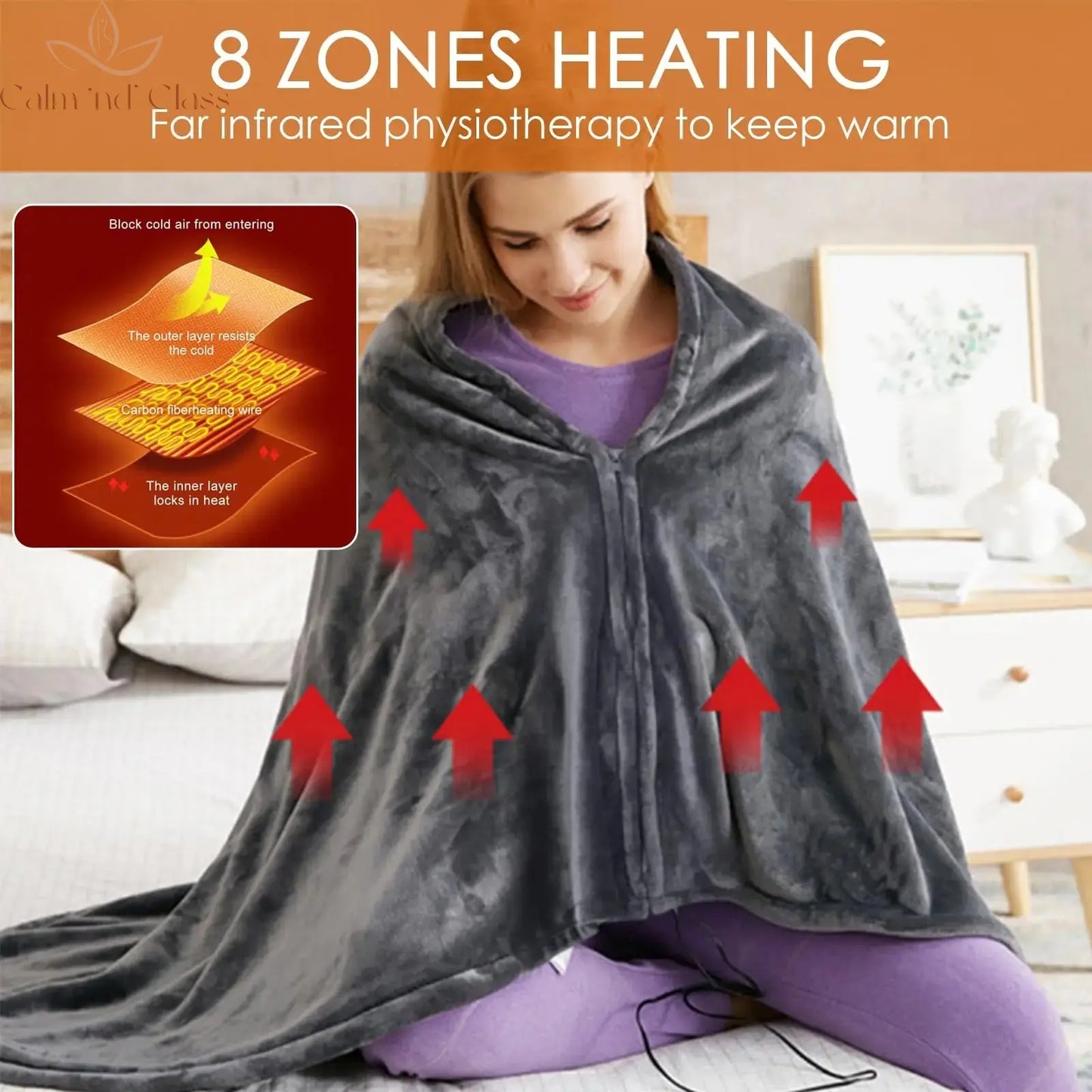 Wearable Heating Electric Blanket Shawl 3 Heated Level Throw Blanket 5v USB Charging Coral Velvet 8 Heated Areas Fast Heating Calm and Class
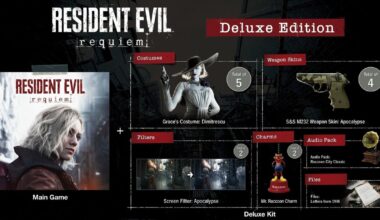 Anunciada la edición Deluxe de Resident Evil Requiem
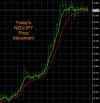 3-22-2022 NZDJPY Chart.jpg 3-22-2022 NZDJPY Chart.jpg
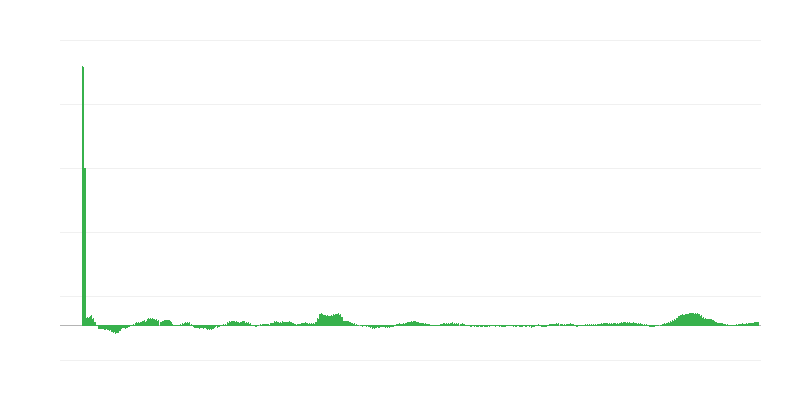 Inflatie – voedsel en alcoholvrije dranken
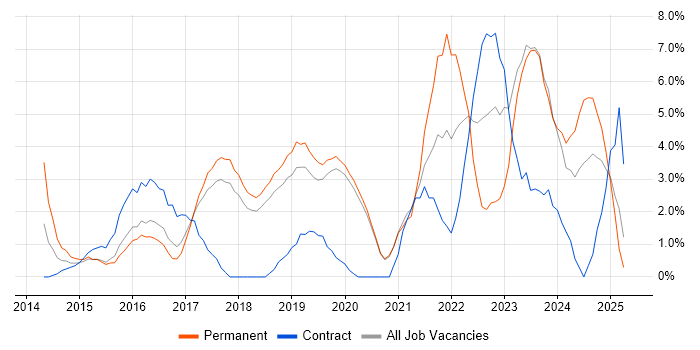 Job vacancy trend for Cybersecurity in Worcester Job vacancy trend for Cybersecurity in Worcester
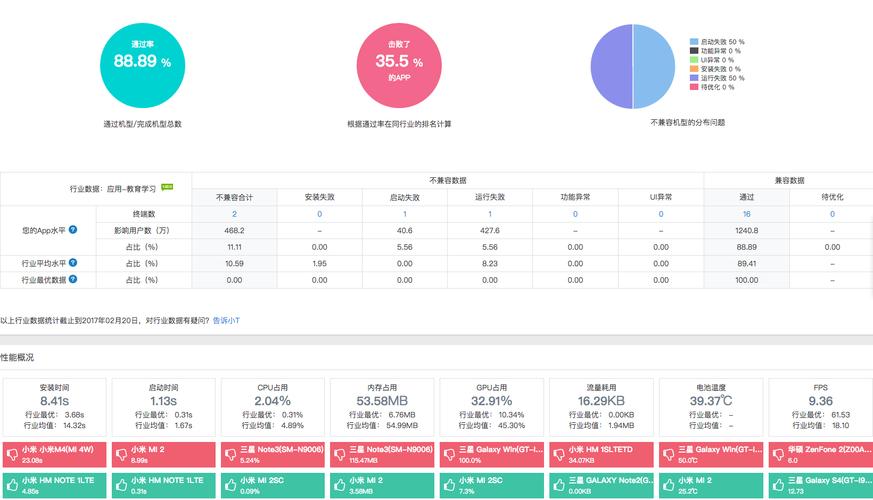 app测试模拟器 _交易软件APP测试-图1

* EXERCISE AIM *
Omit every picture while copying the listing above exactly.

* WRITTEN REPLY *
 Wearable Heating Electric Blanket Shawl 3 Heated Level Throw Blanket 5v USB Charging Coral Velvet 8 Heated Areas Fast Heating Calm and Class
 Anunciada la edición Deluxe de Resident Evil Requiem
 3-22-2022 NZDJPY Chart.jpg 3-22-2022 NZDJPY Chart.jpg
 Inflatie – voedsel en alcoholvrije dranken
 Job vacancy trend for Cybersecurity in Worcester Job vacancy trend for Cybersecurity in Worcester
 app测试模拟器 _交易软件APP测试-图1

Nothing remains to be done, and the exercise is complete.